New York Metropolitan Transportation Authority (MTA) has received more than $886 million in federal aid to help cover costs associated with repairs from Superstorm Sandy, primarily in the Montague, Greenpoint and Steinway subway tunnels, and to make New York's transportation system more resilient to any future storms.
This is the first major reimbursement to the MTA for repairs it has undertaken post-Sandy. According to statements from Sen. Charles Schumer (D-NY) and Rep. Nita Lowey (D-Westchester/Rockland), the majority of the funds will be allocated to repairs in the Montague, Greepoint and Steinway tunnels, an estimated $103.5 million will fund projects along Metro-North to guard against high water levels in future storms, including track hardening and signal and power system upgrades and $84.2 million will be used on various resiliency projects throughout the MTA system.
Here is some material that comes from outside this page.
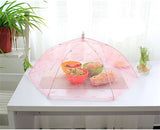 Food Covers Umbrella Style Anti Fly Mosquito Kitchen diameter 65cm cooking Tools meal cover Hexagon gauze table food cover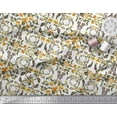 thumbnail image 3 of Soimoi Poly Georgette Fabric Wreath,Leaves & Rose Flower Print Sewing Fabric Yard 52 Inch Wide, 3 of 3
“The subway is New York City’s beating heart, and Sandy’s floodwaters left severe long-term damage on the system,” said Sen. Schumer. “Even though most parts of the subway got back up and running after the storm quicker than anyone ever imagined, there are still major repairs underway. This funding will be critical in restoring our system to full strength, moving New Yorkers through the city once again, and preventing such a shutdown from happening in the future.”
This funding comes from the Federal Transit Administration’s Emergency Relief program, which received $10.9 billion under the Disaster Relief Appropriations Act. MTA was allocated $3.79 billion in total Sandy-relief funds.
“This is a welcome and much-needed investment in New York’s transportation infrastructure that will ensure Metro-North is better prepared for future storms,” said Rep. Lowey. “Federal aid has been essential in not only helping communities, businesses and homeowners recover and rebuild, but in ensuring that our region is better prepared to withstand the impact of future disasters.”
Hurricane Sandy floodwaters inundated the three major East River subway tunnels – Montague, Greenpoint and Steinway – with thousands of gallons of water, and forced major re-routes of subway lines in the weeks following the storm. In the case of the Montague tunnel, it is currently undergoing significant repairs that have forced the MTA to take the tunnel out of service for a total of 14 months, disrupting R-train service between Brooklyn and Manhattan.